Writing and research
Monumental Lies: Culture Wars and the Truth about the Past
Robert’s recent book Monumental Lies: Culture Wars and the Truth about the Past is proving a critical success. The book examines the politicisation of the historic environment and reminds us why material evidence matters so much. It has been a book of the year in the Financial Times, the Art Newspaper and elsewhere. Robert is undertaking a tour of US universities and the Getty this September. A paperback edition will follow.

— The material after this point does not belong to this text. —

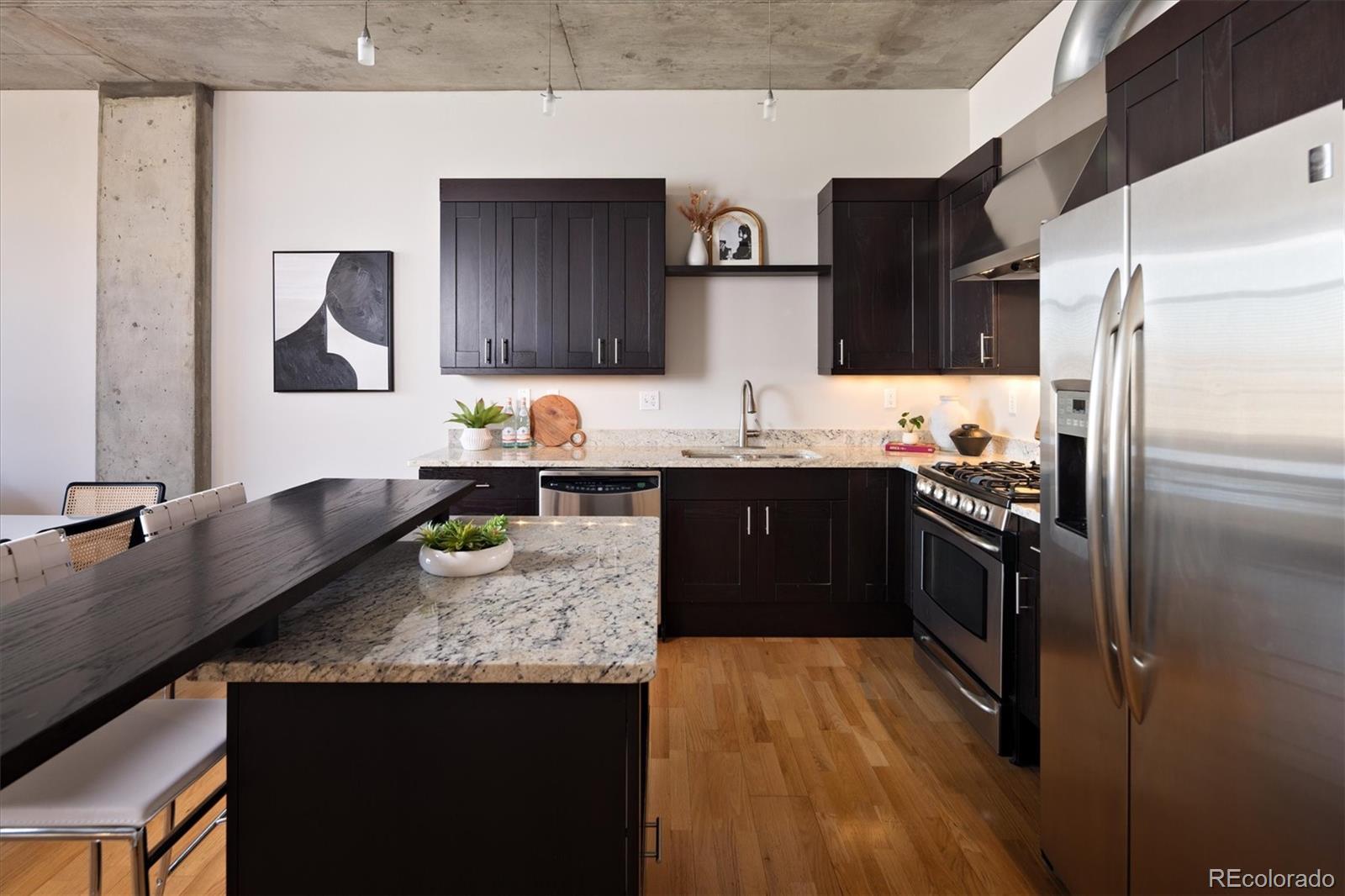 2210 Blake Street Unit: 209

“One of the most compelling progressive voices in the heritage world ... Using his nuanced knowledge of architectural history, he is attempting to unpick some of the myths and straight lies deployed when architecture is weaponised.”– Eddie Blake, Tribune
“From statues of slave traders to pictures of medieval town centres offered as evidence of "cultural superiority", architecture and public art are everywhere in a coarsened discourse. Robert Bevan...navigates the territory delicately and brilliantly”– Edwin Heathcote, Financial Times, Best Books of 2022
“This close reading of the city is a potent response to the culture wars because it deals in precisely the historical honesty that culture warriors have no stomach for. Righteous but always nuanced, Bevan is the perfect guide to the way urban iconography distorts history and entrenches power.”– Justin McGuirk, Senior Curator, Design Museum
Robert writes internationally about architecture, cities, heritage and cultural travel. He is the architecture critic for the London Evening Standard.
He has previously been editor of Building Design and the architecture critic for two other daily newspapers The Australian and the Australian Financial Review. He has written for design, art and travel magazines around the world as well as for national bodies such as Historic England.
"Passionate, original…he writes with powerful eloquence.”
Neil Ascherson – author
Robert is the author of essays and books including The Destruction of Memory: Architecture at War (2006/2015) and is a member of (ICOMOS), the body that advises UNESCO on world heritage. He has qualifications in architecture, planning, urban design and journalism, and experience in both news and features.
For Robert Bevan, it is all about having a strong sense of place; this is what connects his work as a writer, architectural historian and consultant. He can critique a city’s newest architecture, research its history, reveal its symbolic meaning or set out its appeal to today’s cultural traveller.
Among the many other titles Robert has written for are: Guardian, Times, Sunday Times, Observer magazine, Sydney Morning Herald, The Economist, Art Newspaper, Architectural Review, and Wallpaper*/Wallpaper* City Guides.